Source records
::::

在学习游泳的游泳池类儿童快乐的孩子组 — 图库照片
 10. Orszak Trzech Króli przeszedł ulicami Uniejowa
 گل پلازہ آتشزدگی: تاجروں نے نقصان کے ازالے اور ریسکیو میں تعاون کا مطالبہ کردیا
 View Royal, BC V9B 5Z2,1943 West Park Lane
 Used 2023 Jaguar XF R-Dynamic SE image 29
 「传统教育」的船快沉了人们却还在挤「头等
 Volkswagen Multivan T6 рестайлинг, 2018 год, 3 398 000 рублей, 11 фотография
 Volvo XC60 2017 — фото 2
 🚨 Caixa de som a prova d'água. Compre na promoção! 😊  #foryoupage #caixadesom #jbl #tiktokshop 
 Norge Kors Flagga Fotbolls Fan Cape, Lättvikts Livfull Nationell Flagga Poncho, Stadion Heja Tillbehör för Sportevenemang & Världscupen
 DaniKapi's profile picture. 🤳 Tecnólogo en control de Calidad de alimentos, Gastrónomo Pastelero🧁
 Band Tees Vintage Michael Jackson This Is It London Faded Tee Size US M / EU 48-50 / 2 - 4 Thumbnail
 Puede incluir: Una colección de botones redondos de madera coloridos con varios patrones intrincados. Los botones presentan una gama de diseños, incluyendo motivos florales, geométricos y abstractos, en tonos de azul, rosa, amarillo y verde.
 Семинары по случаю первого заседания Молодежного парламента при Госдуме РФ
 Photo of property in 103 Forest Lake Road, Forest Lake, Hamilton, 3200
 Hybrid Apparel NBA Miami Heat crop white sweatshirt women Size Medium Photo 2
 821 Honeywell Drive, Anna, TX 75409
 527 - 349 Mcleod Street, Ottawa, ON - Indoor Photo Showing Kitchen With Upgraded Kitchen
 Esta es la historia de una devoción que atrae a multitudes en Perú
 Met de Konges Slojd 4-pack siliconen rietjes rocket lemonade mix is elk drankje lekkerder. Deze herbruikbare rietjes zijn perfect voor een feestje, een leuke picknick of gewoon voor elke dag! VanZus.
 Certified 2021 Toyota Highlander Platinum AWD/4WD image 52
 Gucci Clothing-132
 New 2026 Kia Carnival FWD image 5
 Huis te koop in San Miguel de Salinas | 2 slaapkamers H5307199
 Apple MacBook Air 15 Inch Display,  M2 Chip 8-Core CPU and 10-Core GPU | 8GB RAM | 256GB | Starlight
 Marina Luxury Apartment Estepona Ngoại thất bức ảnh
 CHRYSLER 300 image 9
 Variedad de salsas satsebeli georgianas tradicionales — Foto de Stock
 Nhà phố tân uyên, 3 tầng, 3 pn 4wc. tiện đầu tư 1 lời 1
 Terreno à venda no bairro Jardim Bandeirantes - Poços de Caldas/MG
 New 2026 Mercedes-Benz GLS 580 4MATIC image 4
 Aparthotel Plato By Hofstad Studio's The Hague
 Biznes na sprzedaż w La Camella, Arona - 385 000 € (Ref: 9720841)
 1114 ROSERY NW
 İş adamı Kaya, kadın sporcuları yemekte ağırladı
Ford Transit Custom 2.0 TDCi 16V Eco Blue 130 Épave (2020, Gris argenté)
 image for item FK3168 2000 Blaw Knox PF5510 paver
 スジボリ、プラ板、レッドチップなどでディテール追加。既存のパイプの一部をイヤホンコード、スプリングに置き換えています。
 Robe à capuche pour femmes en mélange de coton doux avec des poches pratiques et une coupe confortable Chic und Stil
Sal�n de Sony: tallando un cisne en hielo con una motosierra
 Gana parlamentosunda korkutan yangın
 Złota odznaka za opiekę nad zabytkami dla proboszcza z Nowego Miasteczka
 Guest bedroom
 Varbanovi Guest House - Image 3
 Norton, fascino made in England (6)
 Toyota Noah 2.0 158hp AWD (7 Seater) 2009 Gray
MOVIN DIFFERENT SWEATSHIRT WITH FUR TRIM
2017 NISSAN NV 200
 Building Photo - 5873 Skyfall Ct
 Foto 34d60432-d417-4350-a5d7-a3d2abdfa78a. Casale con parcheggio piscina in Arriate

::::

#### Requirement:
Start at the first line of the entries and stop at the line with "Photo of property". Retype each of those lines exactly, both ends included.

#### Response to the exercise:
在学习游泳的游泳池类儿童快乐的孩子组 — 图库照片
 10. Orszak Trzech Króli przeszedł ulicami Uniejowa
 گل پلازہ آتشزدگی: تاجروں نے نقصان کے ازالے اور ریسکیو میں تعاون کا مطالبہ کردیا
 View Royal, BC V9B 5Z2,1943 West Park Lane
 Used 2023 Jaguar XF R-Dynamic SE image 29
 「传统教育」的船快沉了人们却还在挤「头等
 Volkswagen Multivan T6 рестайлинг, 2018 год, 3 398 000 рублей, 11 фотография
 Volvo XC60 2017 — фото 2
 🚨 Caixa de som a prova d'água. Compre na promoção! 😊  #foryoupage #caixadesom #jbl #tiktokshop 
 Norge Kors Flagga Fotbolls Fan Cape, Lättvikts Livfull Nationell Flagga Poncho, Stadion Heja Tillbehör för Sportevenemang & Världscupen
 DaniKapi's profile picture. 🤳 Tecnólogo en control de Calidad de alimentos, Gastrónomo Pastelero🧁
 Band Tees Vintage Michael Jackson This Is It London Faded Tee Size US M / EU 48-50 / 2 - 4 Thumbnail
 Puede incluir: Una colección de botones redondos de madera coloridos con varios patrones intrincados. Los botones presentan una gama de diseños, incluyendo motivos florales, geométricos y abstractos, en tonos de azul, rosa, amarillo y verde.
 Семинары по случаю первого заседания Молодежного парламента при Госдуме РФ
 Photo of property in 103 Forest Lake Road, Forest Lake, Hamilton, 3200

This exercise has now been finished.